What to do => Please retype the listing below exactly as it stands, skipping any pictures.

Data =>
◇ ◇ ◇
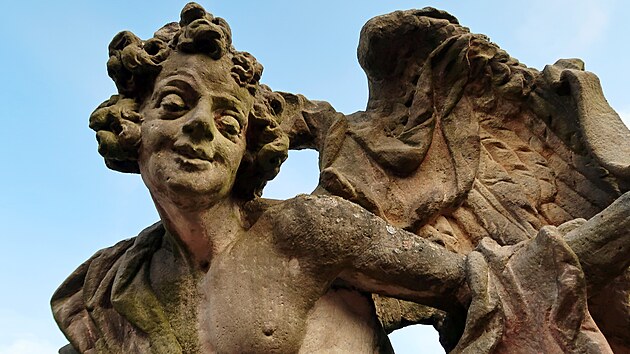 Andl Gloria je jednou z mla soch, kter vykazuje zbytky pvodn polychromie. Do hospitln zahrady se pesunula ve 40. leteh 19. stolet.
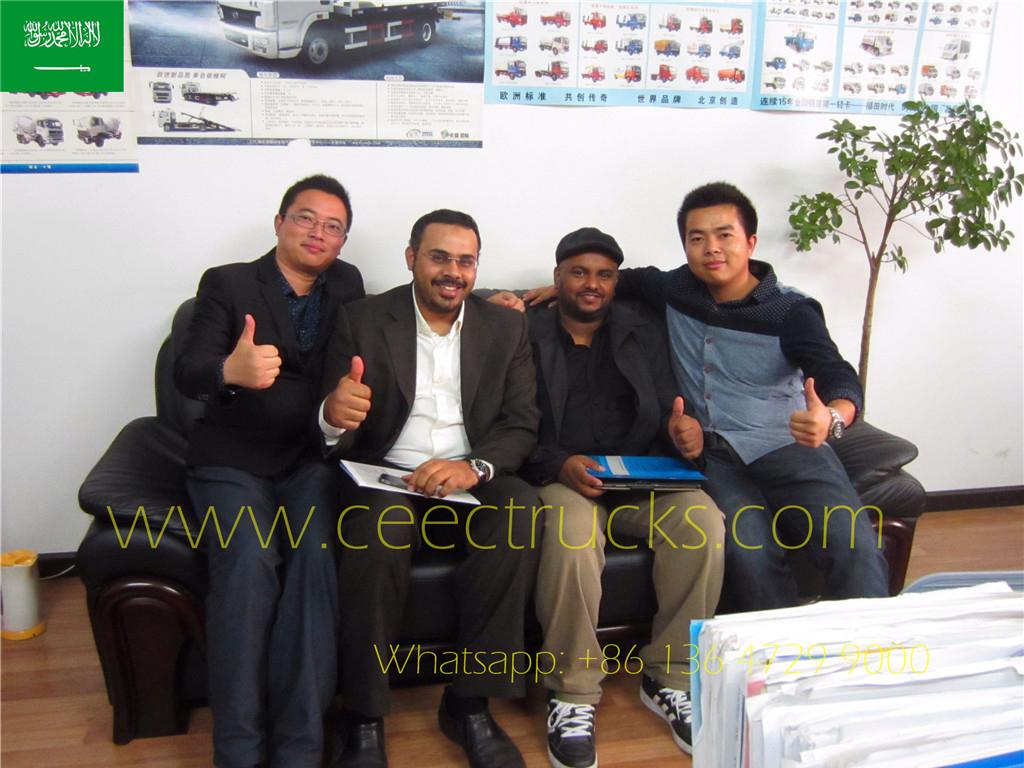 サウジアラビアのお客様が燃料タンカーセミトレーラーの工場を訪問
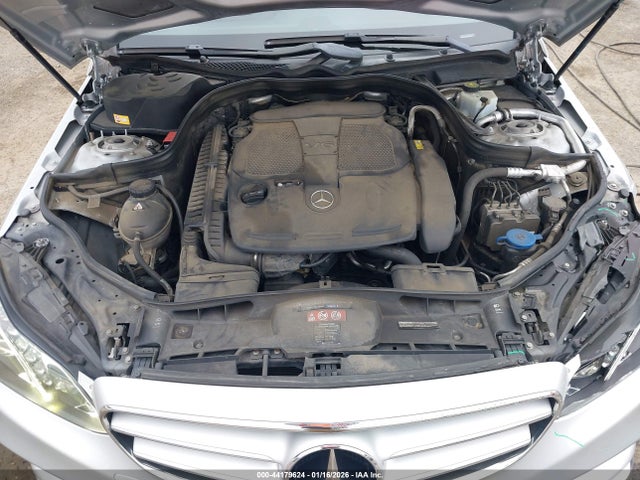 2014 Mercedes-benz E 350 4matic მანქანა იყიდება აუქციონზე, vin: WDDHF8JB4EB064141, აუქციონის ნომერი: 44179624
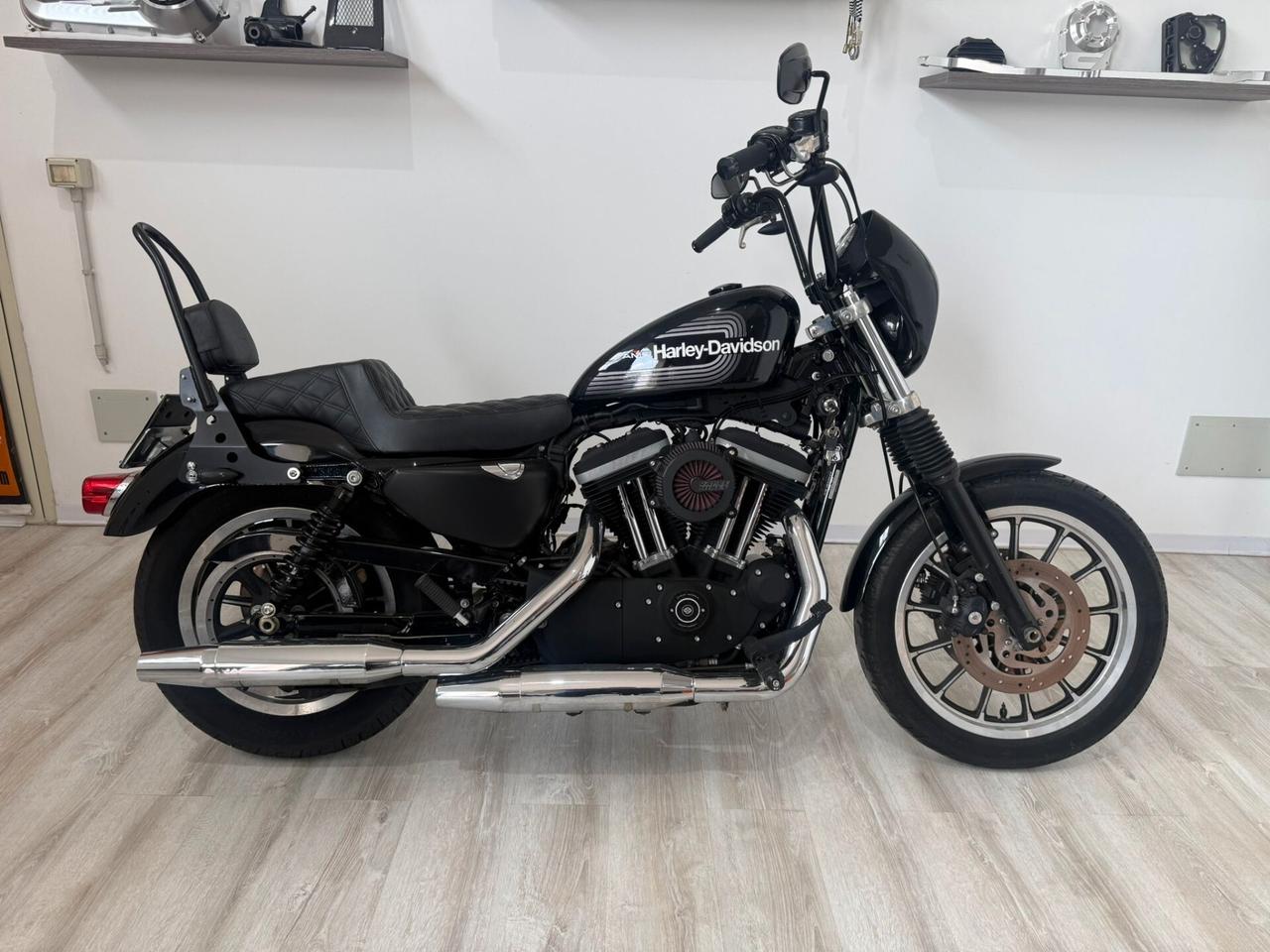 Harley-davidson 883 Sportster R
◇ ◇ ◇
Response =>
 Andl Gloria je jednou z mla soch, kter vykazuje zbytky pvodn polychromie. Do hospitln zahrady se pesunula ve 40. leteh 19. stolet.
 サウジアラビアのお客様が燃料タンカーセミトレーラーの工場を訪問
 2014 Mercedes-benz E 350 4matic მანქანა იყიდება აუქციონზე, vin: WDDHF8JB4EB064141, აუქციონის ნომერი: 44179624
 Harley-davidson 883 Sportster R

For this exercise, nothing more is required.